Nada melhor para entender o resultado da ação suicida dos grupos políticos de centro – e mesmo os de direita não extremada – do que a composição atual da Câmara - Marcelo Camargo / Agência Brasil



Maria Inês Nassif

Para tirar a esquerda do poder, a classe dominante destruiu o quadro partidário que a apoiava

Uma década de conspiração produziu efeitos irreparáveis no quadro político-partidário do país.

Ironicamente, os efeitos mais devastadores foram sentidos nas estruturas políticas de centro e de direita que, envolvidas na trama para desqualificar a política – que teve como centro a Operação Lava Jato – não entenderam que renunciavam à própria organicidade e terceirizavam poder (e hegemonia) a políticos de ocasião, levados à ribalta pela onda extremista de direita ceivada desde as manifestações de 2013.

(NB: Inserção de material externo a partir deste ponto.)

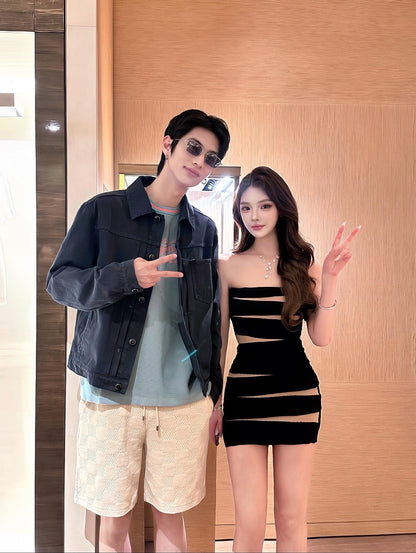 R공장 / 루이비통 남성 여성 데님 자켓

Não sobrou pedra sobre pedra das organizações político-partidárias nas quais as classes dominantes “modernas” operavam antes.

E os partidos de aluguel e de extrema-direita, estimulados por elas para aumentar a onda antipetista, fogem totalmente ao seu controle: essas legendas são mais facilmente manipuláveis por lideranças militares e extremistas e mais facilmente corrompíveis por governos do momento. Não são cooptáveis por ideologia.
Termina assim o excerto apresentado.